Several tech journalists have speculated that the new iPhone later this year will be able to share its power to charge AirPods. That’s great for people that buy the new airpods and the newest phone…but what about the rest of us? Good news – there’s no need to wait till October 2019 when we can build something to do it today!
Build a cable to extract power from an iPhone and use it to charge other devices. I don’t have much experience with electronics so it’s also an
I couldn’t seem to find much online about this except other people asking if this sort of thing was possible. There was a crowdfunded product for something in the space 5-6 years ago, but that required having 2 iPhones to donate power to charge 1. There’s one YouTube video that claimed to do this but many of the comments suggested that it was fake. Based on what I’ve seen, the specific claims of iPhone to iPhone charging appear to be fake but using that method for airpods works. The lack of other prior work on charging in this way, even for hobby projects, definitely made me suspicious that there was a big roadblock somewhere in the process that I would hit. I was pretty surprised to see this actually work! I think I lucked out due to the lower charging requirements of the AirPods relative to the iPhone.
For anyone following along to try the same, definitely proceed at your own risk with making this. I’m no expert so I can’t speak to whether this can damage your devices.
I bought a 4 pack of the fans knowing I’d probably mess up and break a few. That ended up being a good call because I broke 3.
- Soldering Iron
- Some sort of cutting tool (I used a Dremel)
I also found my hot glue gun and heat shrink tubing for wires helped keep things in place but it’s not necessary.

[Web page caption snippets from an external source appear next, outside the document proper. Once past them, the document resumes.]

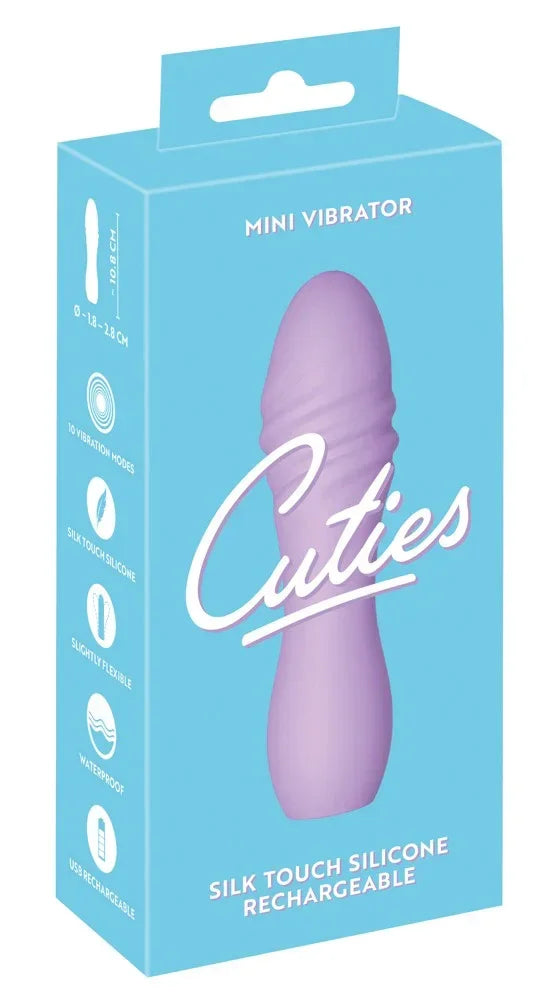 05542350000_verp @ Happytoys Sexshop: online sex shop for Feeling Happy & Easy 😊 the erotic store owned by a woman
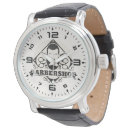 Recherche de coiffeur montres Barbier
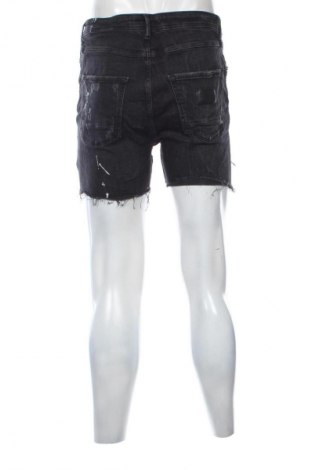 Pánské kraťasy Zara, Velikost S, Barva Vícebarevné, Cena  189,00 Kč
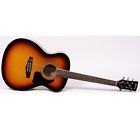 Pc15vs Ibanez Performance Series Pc15 606559806157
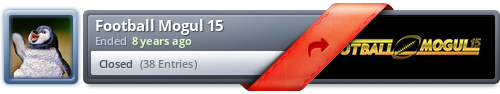 signature.png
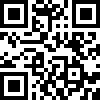 https://qudsonline.ir/xczqq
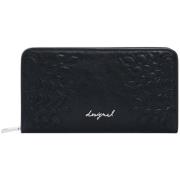 Portemonnee Desigual MONE_SIERRA FIONA 26SAYP20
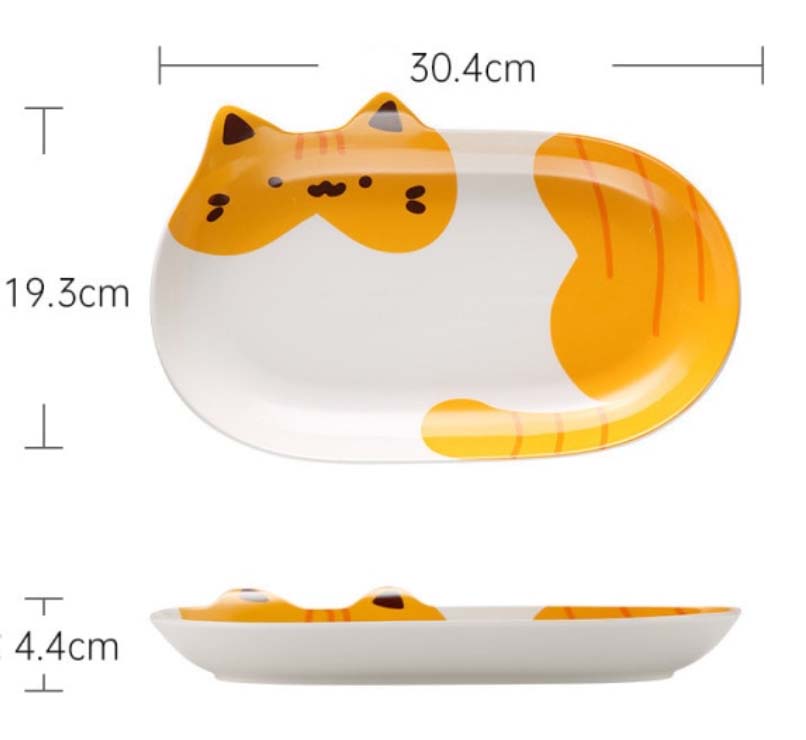 slider-item-img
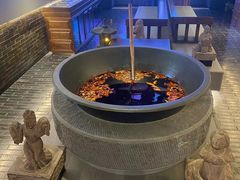 -大妙火锅·非物质文化遗产(锦里店)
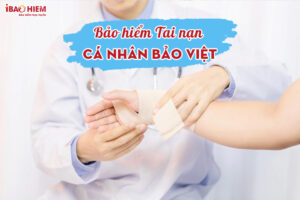 Hình ảnh bảo hiểm tai nạn, liên quan đến rủi ro xe ô tô và bảo hiểm thân vỏ PTI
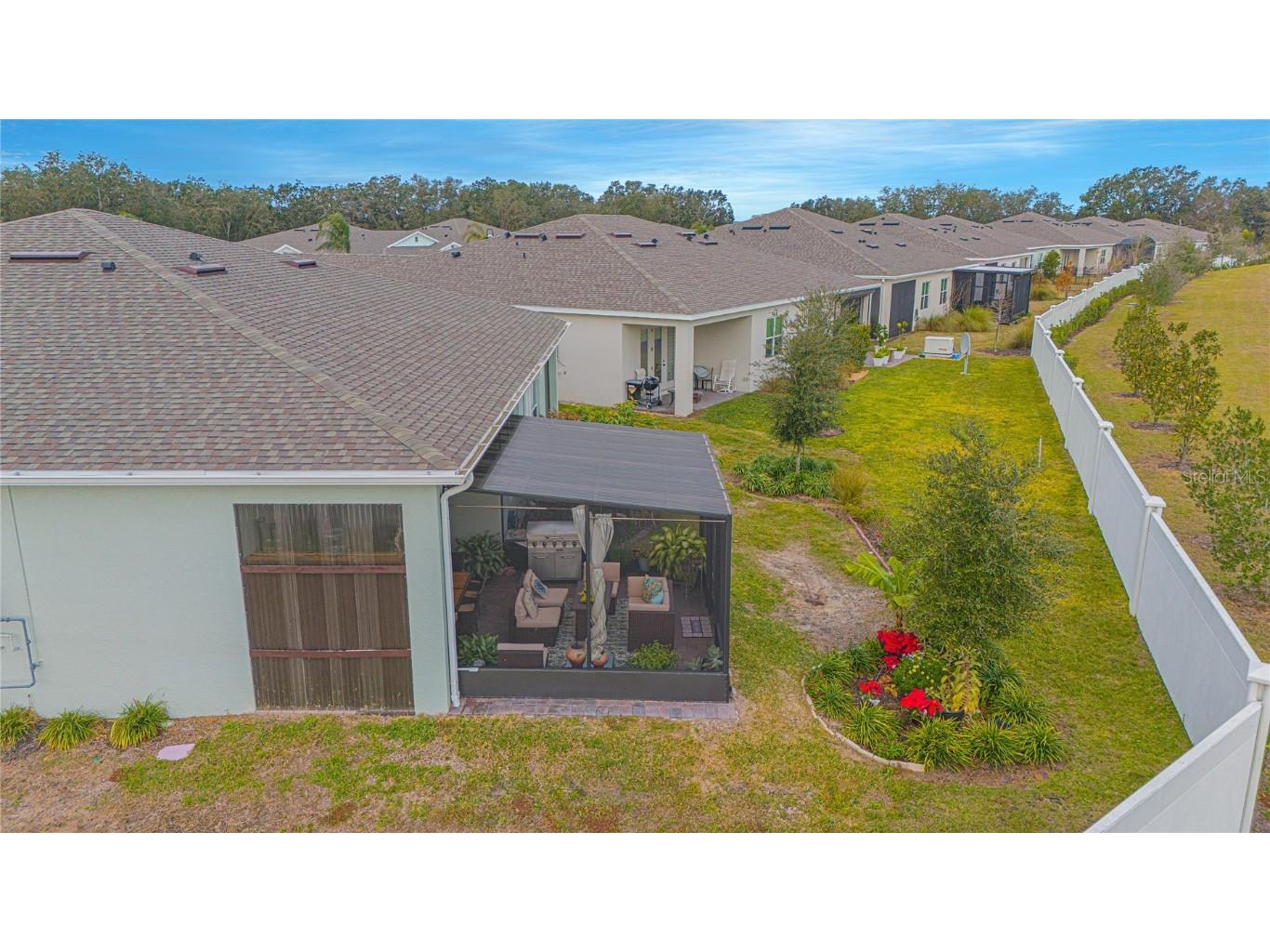 1987 Key Bay Trail Kissimmee FL 34747 O6270026 image15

There’s only 2 steps here to get this working.
Step 1: Power Extraction
The iPhone lightning port isn’t really meant to be used to draw power. Finding information on how to do this is pretty tough – perhaps being a member of the Apple hardware development program would make finding that easier, but only corporations can join (not individuals). Finally, lightning devices have authentication chips inside the cable, so building this part from scratch didn’t seem viable for me.
However, there are lightning accessories that don’t have power of their own. For example, this keyboard or this flash drive or this fan. If we can just take apart one of these accessories, we can take advantage of whatever power drawing method they’ve built. I chose this 1 Watt lightning fan based on something I saw in a similar YouTube video.
I used my Dremel to cut away the hard plastic casing of the fan. Despite being lightning, the fan only worked when plugged into my phone with the fan facing me. When facing the fan away from me, nothing happened. While taking this apart, make sure to remember which way the cable has to be plugged in. For me, the flatter side of the chip had to be facing up.
Next, I de-solder the connections between the chip and the fan’s motor. This gives me a standalone chip. Plugging it into my phone and using a multimeter, I recorded a voltage of 3.3V.
Step 2: Matching Voltage
This presents 2 issues. USB charging needs 5V, so we’ll need to step it up. However, once we step it up, we’ll only be running 200 mA (1W/5V) through our charger. For comparison, standard Apple wall USB chargers are 5 Watts and therefore provide 1000 mA (and 2000 mA for fast charging 10 Watt adapter!). This 200 mA is too low for charging Apple’s bigger devices (iPhone, iPad) but as I see later, it’s enough for AirPods.
I used a step up regulator I bought from Amazon to convert from 3.3V to 5V. The additional benefit is that the USB output keeps things pretty flexible on what I want to power (ex. my kindle instead of AirPods). After soldering the connection I checked my multimeter to confirm I was getting 5V. I was ready to test!
Plugging the devices into each other was the scary part…but it worked. The AirPods charged without a fuss and my phone didn’t burst into flames. I kept track of the charge reported and measured a charge of rate of 2% per minute on the case (measured minutely over 40 minutes). My expectation was that this DIY charger would be slower. Surprisingly, that’s the same charge rate that I record with the standard wall adapter over a similar measurement period!
It’s also true that if I plug my iPhone 6 into my iPhone X (using the 6 as the charge donor) the charging does appear to activate, however, it doesn’t seem to actually charge. This is likely because there just isn’t enough power coming out of the donor iPhone.
The iPhone fan connector is pretty sensitive and easy to break – I broke my first version of this after testing for a day just from repeated insertion. I suggest putting some sort of casing around the chip so it doesn’t flex against the lightning connector. In my final build, I cut the fan casing to keep part of the shell around the lightning cable and used hot glue to keep it fixed to the circuit. That way I could insert the cable without worrying as much about breaking the connector.